U.S. Solicitor General and former Harvard Law school Dean Elena Kagan speaks at Georgetown University, in Washington.

A Bridge Builder

She built a reputation at Harvard as a bridge builder, supporting conservatives Jack Goldsmith and John Manning for teaching positions. Faculty colleagues including Charles Fried, who served as solicitor general under Republican Ronald Reagan, credit her with easing the ideological strife that had pervaded the campus. Kagan also hosted a celebration at Harvard honoring conservative Justice Antonin Scalia.

Fried was one of five former Republican solicitors general to support her nomination for that position last year. Although some Republicans questioned whether she had enough experience for the post -- she had never argued a case in court -- she won confirmation 61-31.

Kagan has limited her public comments on policy issues, creating only a handful of openings for opponents to attack her fitness for the court.

She has drawn criticism for her efforts to block military recruiters from the Harvard Law School campus. Kagan backed a challenge to a law that required universities receiving federal funding to give the military equal access. The Supreme Court unanimously upheld the law in 2006.

Forced to Recuse

Her stint as solicitor general would probably prevent her from taking part in some Supreme Court cases early on. The last solicitor general to ascend to the court, Thurgood Marshall, disqualified himself in more than 60 argued cases in his first term, mostly because his office had played a role in the litigation.

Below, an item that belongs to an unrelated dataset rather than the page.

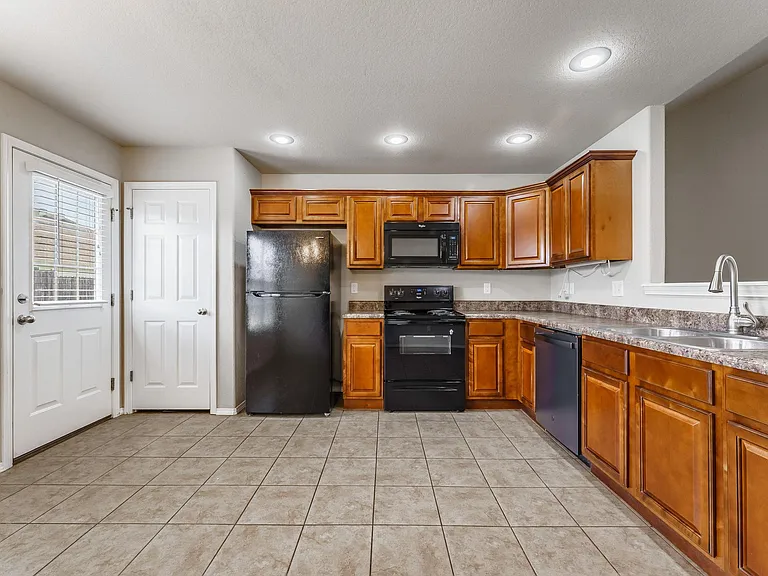 530 Lasso Ln — Photo 8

Kagan attended Princeton University and then Harvard Law School. She clerked for Marshall, whom she describes as one of her heroes, and spent two years as a litigator at Williams & Connolly LLP in Washington. She later took a teaching job at the University of Chicago Law School, where she helped recruit Obama to the faculty.

Kagan worked in the Clinton administration’s White House counsel’s office and then as a domestic policy adviser, acting as the administration’s lead negotiator on anti-tobacco legislation. In 2003, she became the first female dean of Harvard Law School.

Disappointed Liberals

Since being nominated as solicitor general, Kagan has disappointed liberals with some of her positions, particularly on terrorism questions.

At her confirmation hearing last year, she said that, should U.S. agents capture a suspected al-Qaeda fundraiser abroad, that person could be held indefinitely as an enemy combatant.

As solicitor general, she urged the Supreme Court to block Guantanamo Bay inmates who weren’t considered a threat from being released into the U.S.

In a 2001 law review article Kagan argued for stronger presidential control over administrative agencies, a position more often associated with conservative scholars.

Kagan was one of four people who interviewed with Obama in person for the vacancy. The president also met with federal appellate judges Merrick Garland of Washington, Diane Wood of Chicago and Sidney Thomas of Montana. Kagan was one of four candidates who met with Obama last year before he picked Sotomayor.

Kagan, who is Jewish, isn’t married and doesn’t have children. Stevens’ retirement will leave the court without any Protestant members for the first time.